The ongoing costs will be the need to test communications and then adjusting them to make them compliant.

There may be the need to hire more customer service staff and ensuring that they are monitored and servicing clients compliantly.

There may also be indirect costs for businesses resulting from increased legal uncertainty and loss of profits due to changes to products and prices.

FTA: How do you think the new rules will change your advice service? Any changes to ongoing advice?

PY: I think across the board financial advice businesses will need to get better at articulating the value that we provide to new and existing clients.

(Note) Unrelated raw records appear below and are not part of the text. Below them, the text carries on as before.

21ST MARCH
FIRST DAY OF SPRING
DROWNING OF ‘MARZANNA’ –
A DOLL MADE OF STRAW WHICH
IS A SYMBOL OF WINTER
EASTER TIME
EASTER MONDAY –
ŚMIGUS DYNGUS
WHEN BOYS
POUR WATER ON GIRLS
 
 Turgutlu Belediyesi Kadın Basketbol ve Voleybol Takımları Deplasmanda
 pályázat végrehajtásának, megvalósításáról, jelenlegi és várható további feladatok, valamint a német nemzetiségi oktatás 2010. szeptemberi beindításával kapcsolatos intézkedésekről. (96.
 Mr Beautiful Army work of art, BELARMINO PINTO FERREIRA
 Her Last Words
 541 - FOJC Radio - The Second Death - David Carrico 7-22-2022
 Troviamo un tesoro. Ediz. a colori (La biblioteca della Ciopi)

Similarly, for lower revenue clients, it may mean that advisers need to be clearer about what ongoing service really means in terms of style of delivery and frequency of in-depth interaction.

FTA: Would you say a comparison with the RDR in terms of the consumer duty's impact on advisers is fair?

PY: Yes, this piece of regulation is likely to be as impactful as the RDR.

It will change the way advisers need to work and think. RDR was about moving from an industry to a profession.

Consumer duty is about making sure the profession delivers sustainable value to clients, advisers, and business owners.

FTA: How will it change the adviser market?

PY: The main themes of the new regulation are pricing and fair value, across all advice sectors, not just investments like the RDR.

It is key that the profession as a whole gets better at defining value, articulating it, and demonstrating it.

Just like Covid accelerated the use of technology, regulation like this will keep that trend going.

It will also mean that advisers need to at the very least grasp the basics of the science of value and behavioural economics.